Epistemology is the branch of philosophy which studies the nature, origin, and scope of knowledge. One can not be said to "know" something just because one believes it. Knowledge is, from an epistemological standpoint, distinguished from belief by justification.

Knowledge in the sense of "understanding of a fact or truth" can be divided in a posteriori knowledge, based on experience or deduction (see methodology), and a priori knowledge from introspection, axioms or self-evidence. Knowledge can also be described as a psychological state, since in a strict sense there can never be a posteriori knowledge proper (see relativism). Much of the disagreement about "proofs" of God's existence is due to different conceptions not only of the term "God" but also the terms "proof", "truth" and "knowledge". Religious belief from revelation or enlightenment (satori) falls in the second, a priori class of "knowledge".

Different conclusions as to the existence of God often rest on different criteria for deciding what methods are appropriate for deciding if something is true or not; some examples include

  • whether logic counts as evidence concerning the quality of existence
  • whether subjective experience count as evidence for objective reality
  • whether either logic or evidence can rule in or out the supernatural.


Arguments for the existence of God

A dispute arose as to whether there are a number of proofs of the existence of God or whether all are not merely parts of one and the same proof [1]. While all such proofs would end in the same way, by asserting the existence of God, they do not all start at the same place. St. Thomas calls them aptly Viæ: roads to the apprehension of God which all open on the same highway. [2]

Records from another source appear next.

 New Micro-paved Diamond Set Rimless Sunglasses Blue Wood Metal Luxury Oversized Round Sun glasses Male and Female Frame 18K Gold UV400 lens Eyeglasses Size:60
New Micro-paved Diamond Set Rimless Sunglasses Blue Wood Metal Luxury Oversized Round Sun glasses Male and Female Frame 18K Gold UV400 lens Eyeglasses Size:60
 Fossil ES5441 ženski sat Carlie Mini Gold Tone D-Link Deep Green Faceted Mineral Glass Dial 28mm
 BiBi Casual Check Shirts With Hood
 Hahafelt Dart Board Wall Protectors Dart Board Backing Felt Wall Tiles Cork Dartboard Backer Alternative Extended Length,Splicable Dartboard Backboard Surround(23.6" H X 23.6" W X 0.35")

Metaphysical arguments (for)

Metaphysical arguments for the existence of God are arguments that seek to prove the logical necessity of a being with at least one attribute that only God could have.

  • The Cosmological argument, which argues that God must have been around at the start of things in order to be the "first cause".
  • The Ontological argument, based on arguments about the "being which nothing greater-than can be conceived".

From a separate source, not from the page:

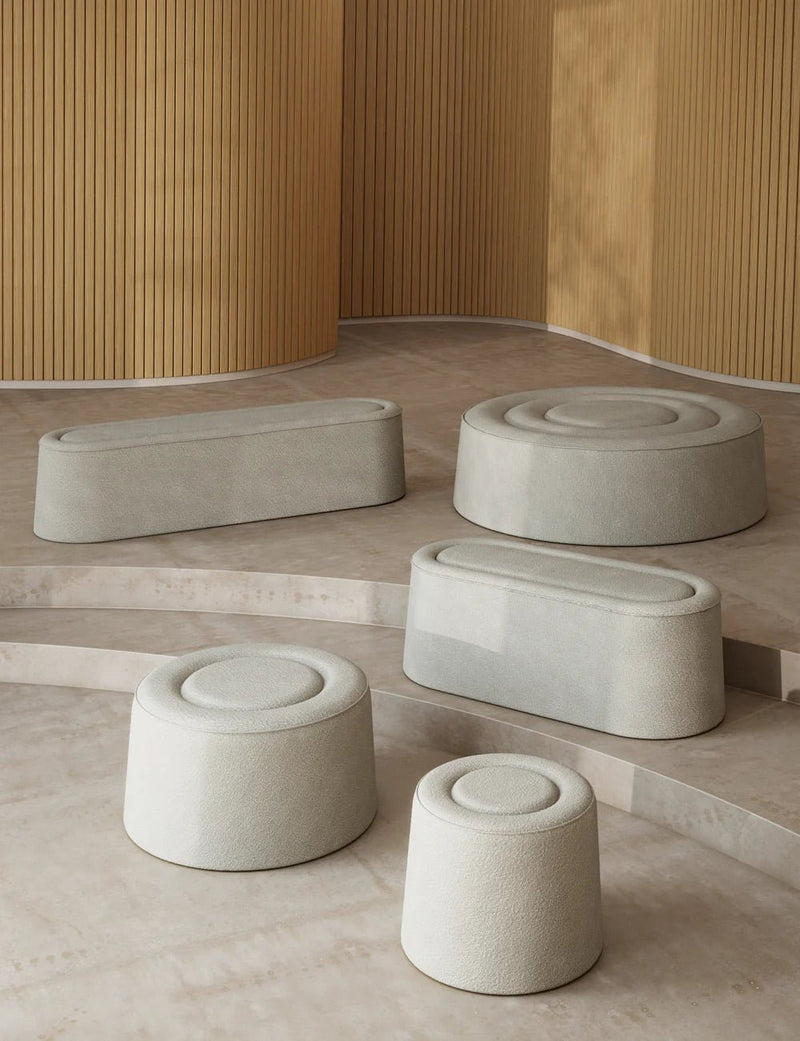 Praline Bench - Ø178 - Woud Stools + Benches + Ottomans - Textaafoam Alpine - Ivory 101 - HORNE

In theology and the philosophy of religion, an ontological argument for the existence of God is an argument that God's existence can be proved a priori, that is, by intuition and reason alone. In the context of the Abrahamic religions, it was first proposed by the medieval philosopher Anselm of Canterbury in his Proslogion, and important variations have been developed by philosophers such as René Descartes, Gottfried Leibniz, Norman Malcolm, Charles Hartshorne, and Alvin Plantinga. A modal logic version of the argument was devised by mathematician Kurt Gödel. The ontological argument has been controversial in philosophy and many philosophers have famously criticized or opposed it, including Anselm's contemporary Gaunilo of Marmoutiers, as well as David Hume, Immanuel Kant, and Gottlob Frege. Some of these opponents have preferred to rely on cosmological arguments for the existence of God instead.

The argument works by examining the concept of God, and arguing that it implies the actual existence of God; that is, if we can conceive of God, then God exists — it is thus self-contradictory to state that God does not exist. This is obviously a controversial position, and the ontological argument has a long history of detractors and defenders.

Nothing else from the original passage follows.